Um Deutschland eine zukunftssichere Basis zu geben, braucht es dringend strukturelle Reformen in den sozialen Sicherungssystemen. Der Faktor „Arbeit“ darf nicht weiter verteuert werden. Insbesondere bedarf es einer Strukturreform der gesetzlichen Krankenversicherung, um die Leistungsfähigkeit und Finanzierbarkeit  des Gesundheitssystems auf Dauer aufrecht zu erhalten. Das Thüringer Handwerk ist der Überzeugung, dass auf Dauer kein Weg an einem Mischsystem aus paritätisch finanzierten Pflichtleistungen und einer individuellen, kapitalgedeckten und eigenfinanzierten Zusatzvorsorge, ähnlich der Rentenversicherung, vorbeiführt.

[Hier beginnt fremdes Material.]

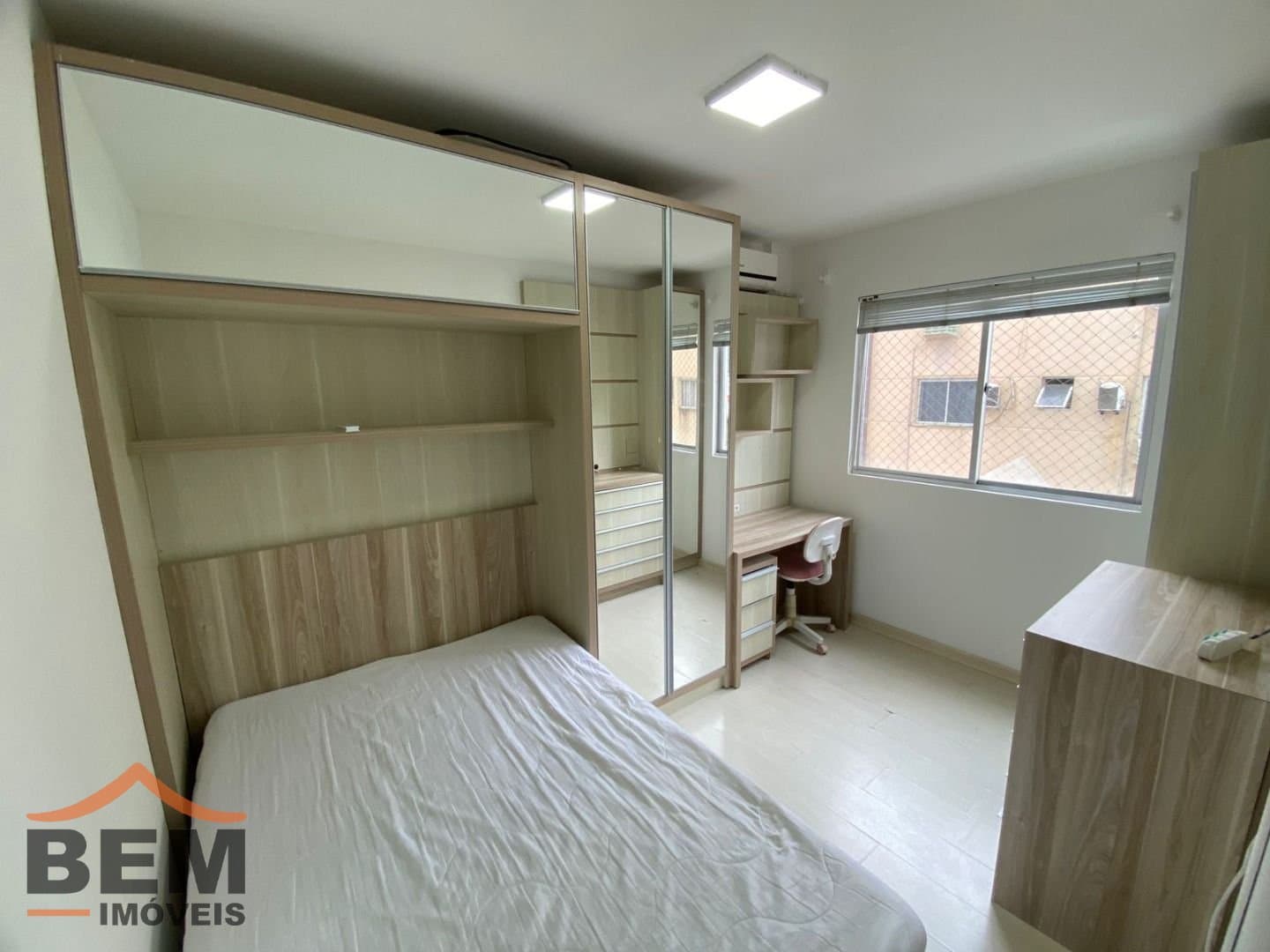 APARTAMENTO SEMI MOBILIADO PARA VENDA NO BAIRRO FAZENDA, ITAJAI - SANTA CATARINA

Dringend reformbedürftig ist das deutsche Bildungssystem. In der Dualen Berufsausbildung im Handwerk ist seit Jahren das sinkende Bildungsniveau vieler Bewerber deutlich bemerkbar. Ziel der Bildungspolitik muss sein, Deutschland sowohl in der Spitzentechnologie, der Forschung als auch des allgemeinen Fachkräftereservoirs wieder auf eine internationale Spitzenposition zu bringen. Hierzu gehört neben Veränderungen in der schulischen Bildungslandschaft wie beispielsweise ein längeres gemeinsames Lernen, die Stärkung der beruflichen Bildung. Reformen müssen in diesem Zusammenhang im Handwerk zur Stärkung der Qualifizierung und nicht zur Dequalifizierung, wie im Rahmen der jüngsten Novellierung der Handwerksordnung, führen.